INSTRUCTIONS FOR THE TASK ::
Your reply should consist only of the lines from the one holding "6181 Shoreland Circle, Buford, GA 30518" to the last line of the data below, written out exactly and without pictures.

SUPPLIED INFORMATION ::
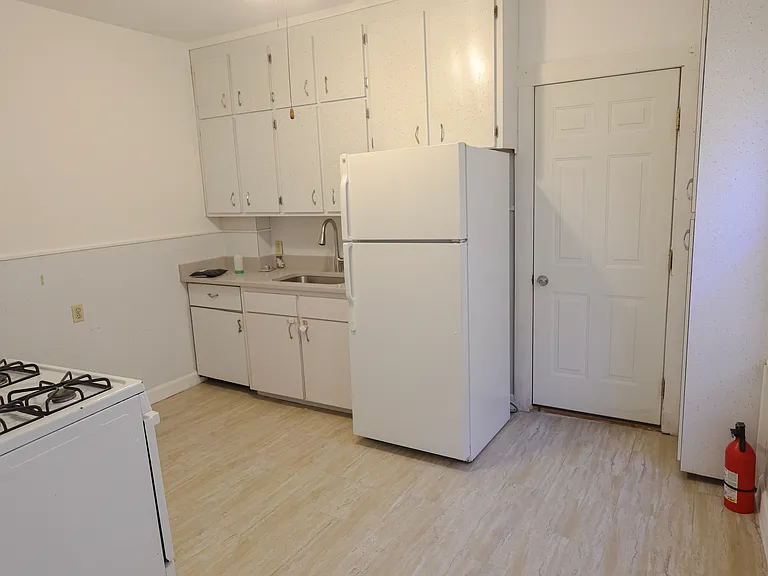17 Maple Ave — Photo 2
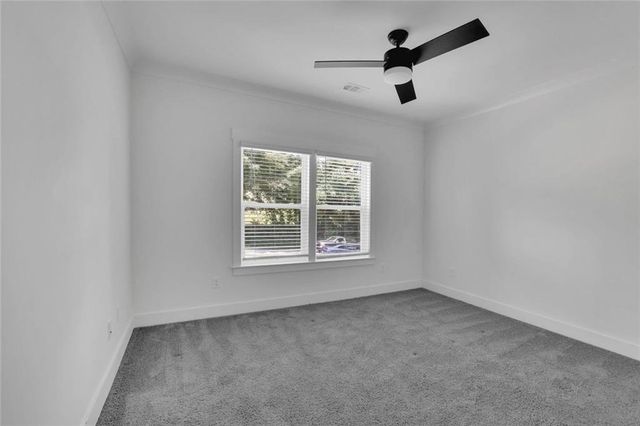 6181 Shoreland Circle, Buford, GA 30518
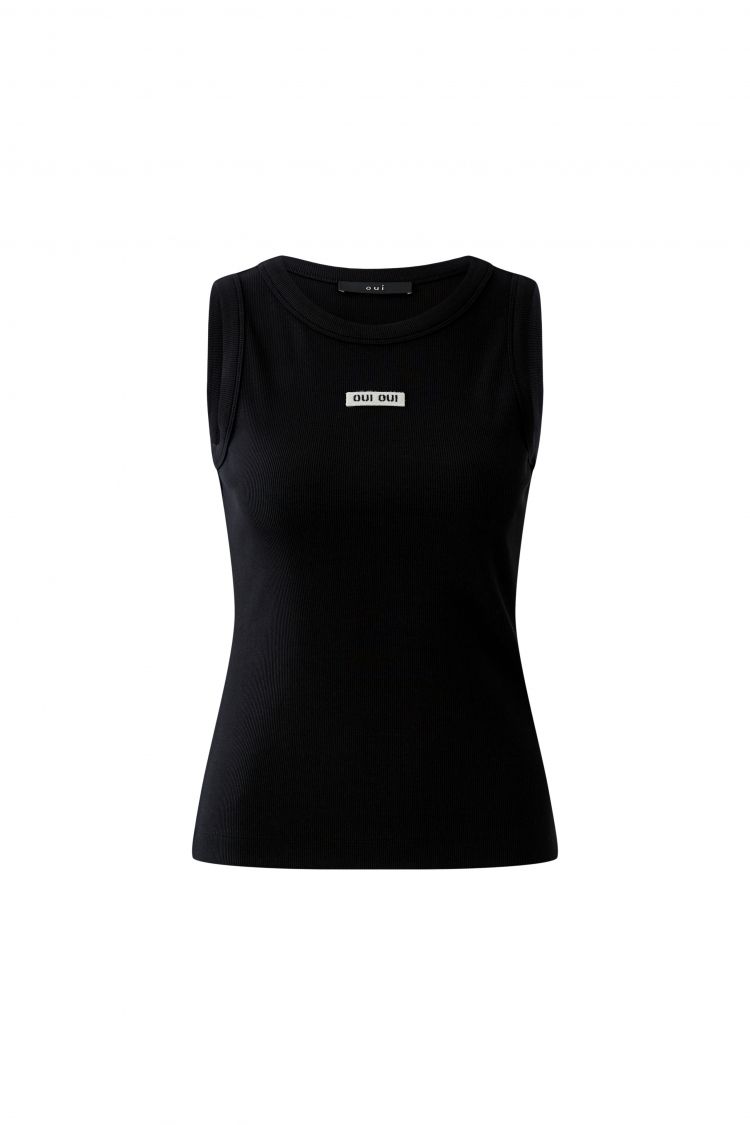 Top von Oui in schwarz mit weißem Logo auf der Vorderseite. Tanktop mit schmaler Form.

OUTPUT FOR THIS TASK ::
 6181 Shoreland Circle, Buford, GA 30518
 Top von Oui in schwarz mit weißem Logo auf der Vorderseite. Tanktop mit schmaler Form.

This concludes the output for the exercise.